▶ _Brief_
All of the lines below need to be copied exactly, apart from the pictures.

*** Opening of Data in this exercise ***

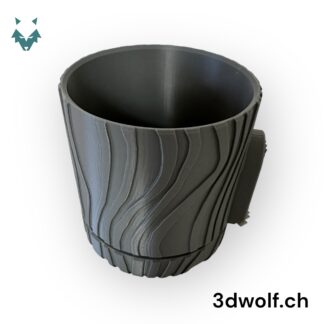 Blumenvase_Wandhalterung_grau_geschwungene_linien_komplett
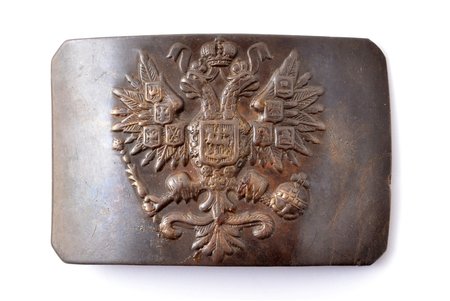 buckle, Imperial Russian Army, 5.3 x 7.9 cm, Russia
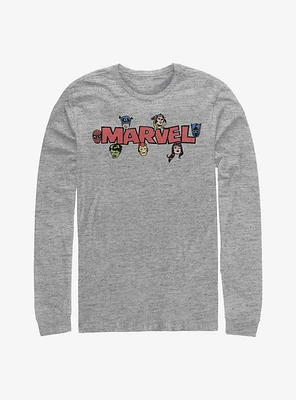 Marvel Vintage Logo Long-Sleeve T-Shirt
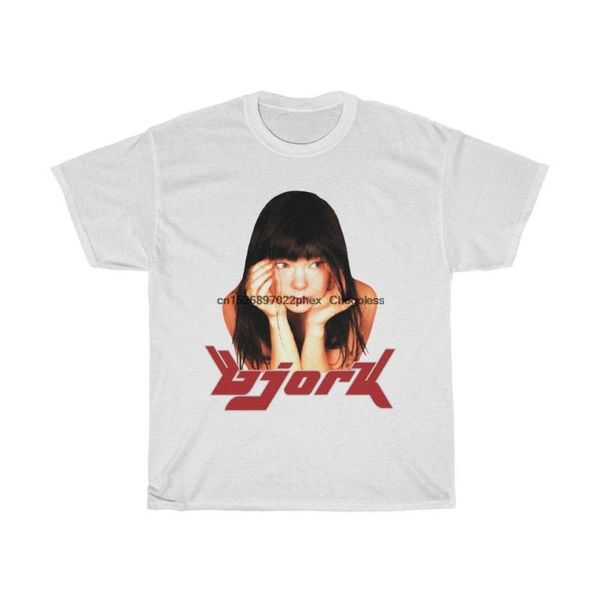 

men's t-shirts bjork shirt t music heavy cotton tee, White;black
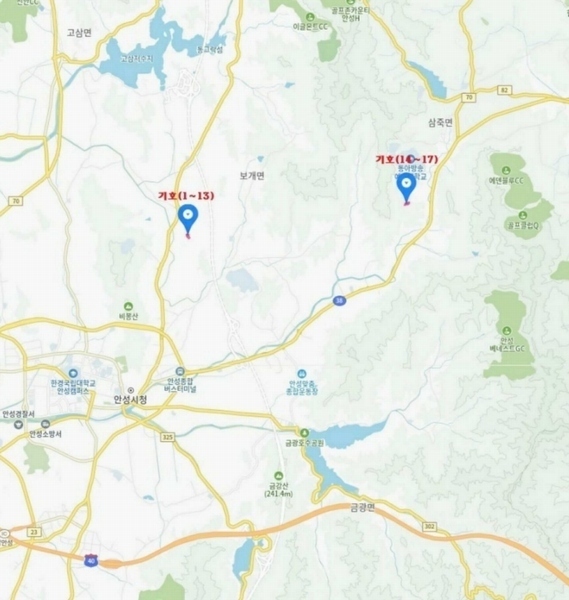 2024타경52534 경기도 안성시 삼죽면 진촌리 462-8 임야 경매 이미지
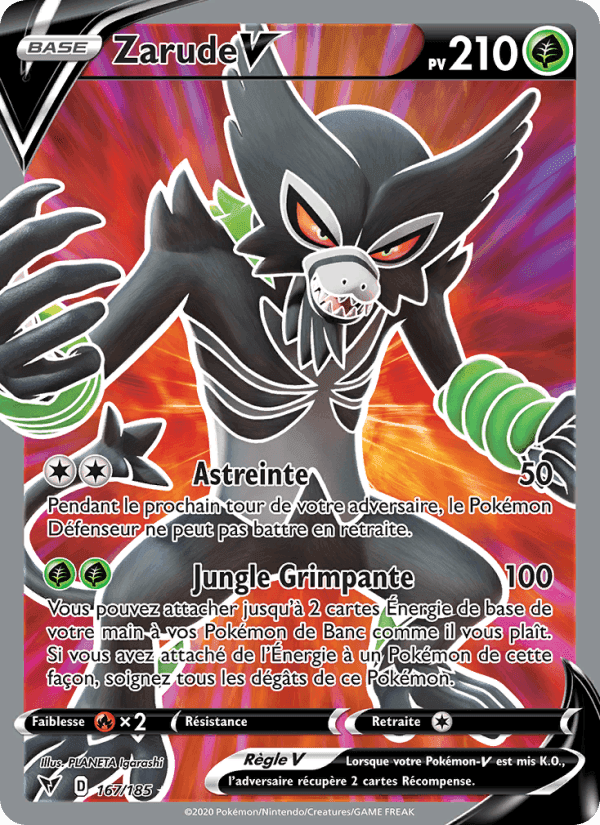 Zarude V, card 167 from Voltage Éclatant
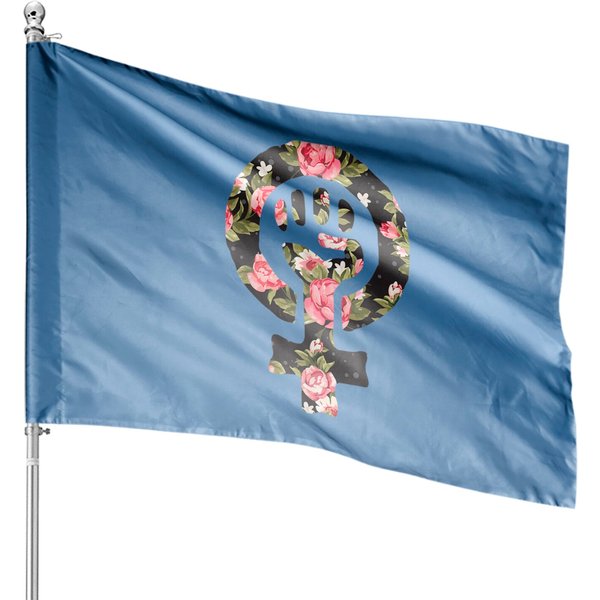 Feminist Symbol Protester Support House Flag Resist Fist-image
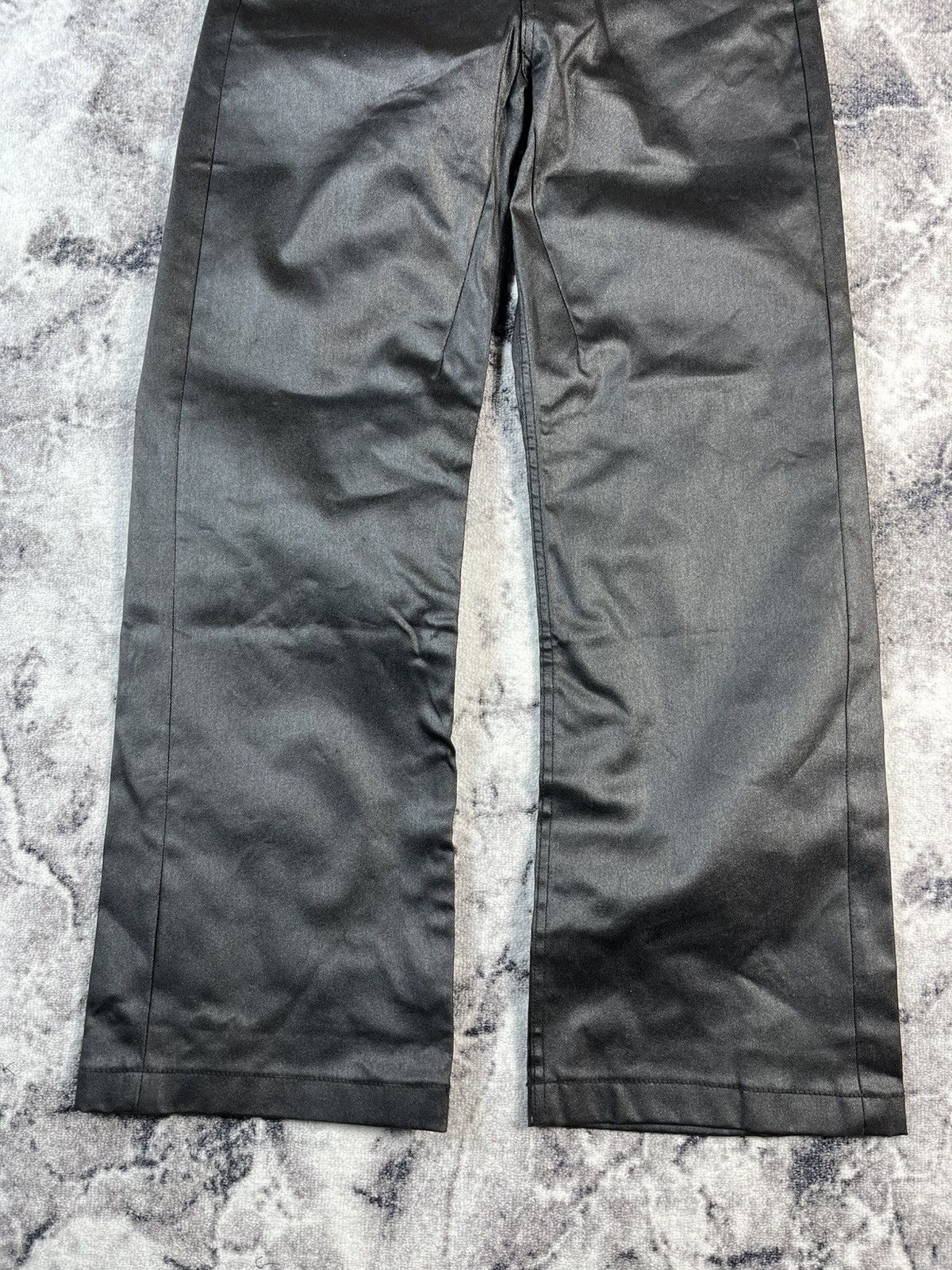 Other MIJKO Coated Denim Leather Look Pants Y2K Straight Fit M Size 31" - 2 Thumbnail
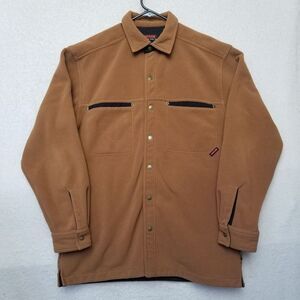 Wolverine Wind Pro work Brown Fleece Button coat‎ jacket brown size M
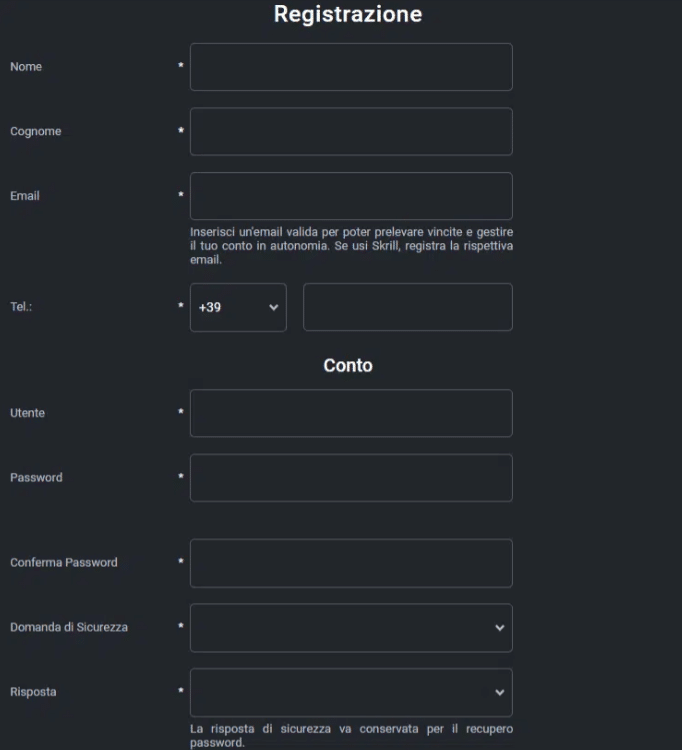 codice negozio planetwin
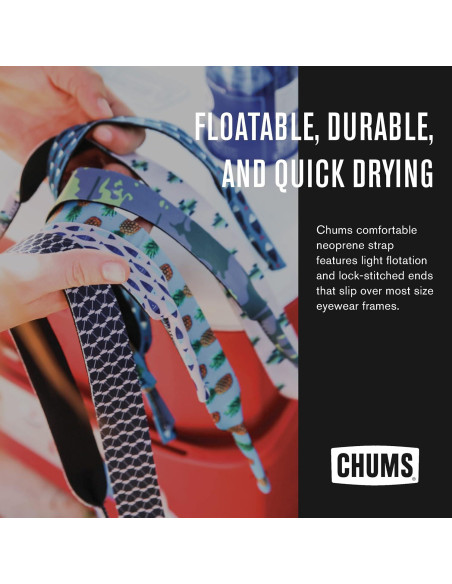 Correa Flotante Chums de Neopreno para Gafas de Sol
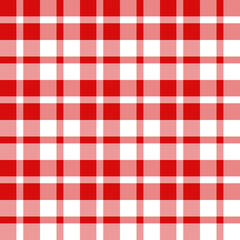 Red & White Christmas Classic Plaid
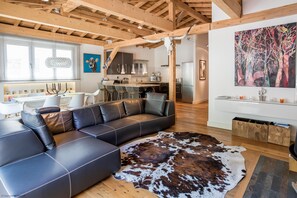 Open plan living area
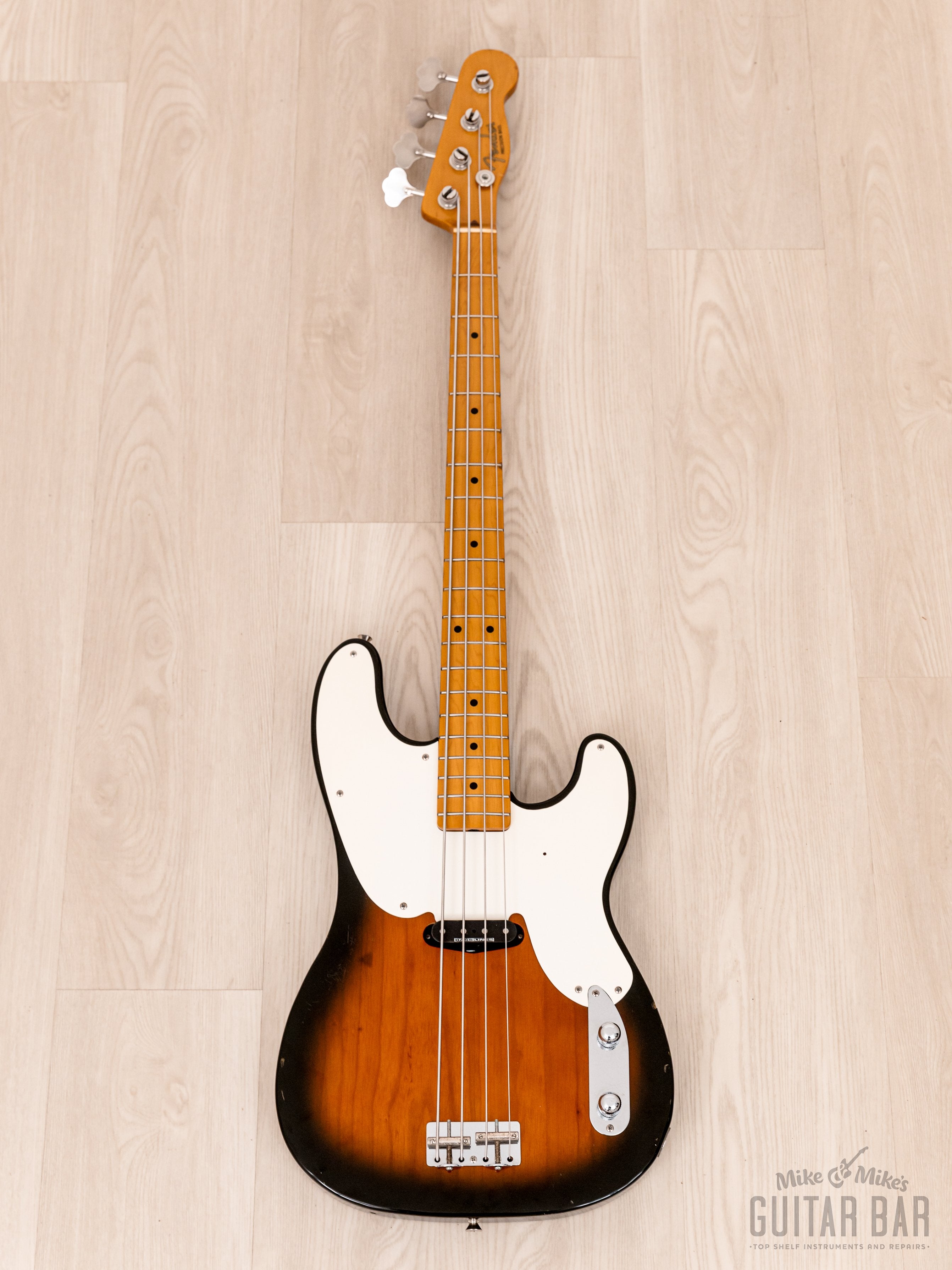 1991 Fender Precision Bass '51 Vintage Reissue OPB-51DM Sunburst w/ USA Pickup, Japan MIJ Fujigen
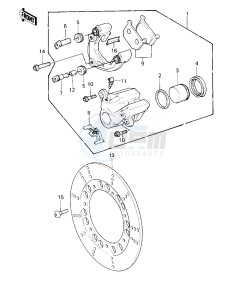 KZ 550 A (A1-A2) drawing FRONT BRAKE -- KZ550-A2- -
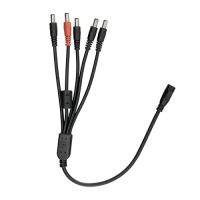 Marchio: DIERRETVCC. Articolo: vh-con105. Distributore di alimentazione - 1 ingresso maschio standard - 5 Uscite femmina standard - Permette alimentare fino a 5 dispositivi con un unica fonte di alimentazione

*** Close of Data in this exercise ***

▶ _Response for this exercise_
 Blumenvase_Wandhalterung_grau_geschwungene_linien_komplett
 buckle, Imperial Russian Army, 5.3 x 7.9 cm, Russia
 Marvel Vintage Logo Long-Sleeve T-Shirt

men's t-shirts bjork shirt t music heavy cotton tee, White;black
 2024타경52534 경기도 안성시 삼죽면 진촌리 462-8 임야 경매 이미지
 Zarude V, card 167 from Voltage Éclatant
 Feminist Symbol Protester Support House Flag Resist Fist-image
 Other MIJKO Coated Denim Leather Look Pants Y2K Straight Fit M Size 31" - 2 Thumbnail
 Wolverine Wind Pro work Brown Fleece Button coat‎ jacket brown size M
 codice negozio planetwin
 Correa Flotante Chums de Neopreno para Gafas de Sol
 Red & White Christmas Classic Plaid
 Open plan living area
 1991 Fender Precision Bass '51 Vintage Reissue OPB-51DM Sunburst w/ USA Pickup, Japan MIJ Fujigen
 KZ 550 A (A1-A2) drawing FRONT BRAKE -- KZ550-A2- -
 Marchio: DIERRETVCC. Articolo: vh-con105. Distributore di alimentazione - 1 ingresso maschio standard - 5 Uscite femmina standard - Permette alimentare fino a 5 dispositivi con un unica fonte di alimentazione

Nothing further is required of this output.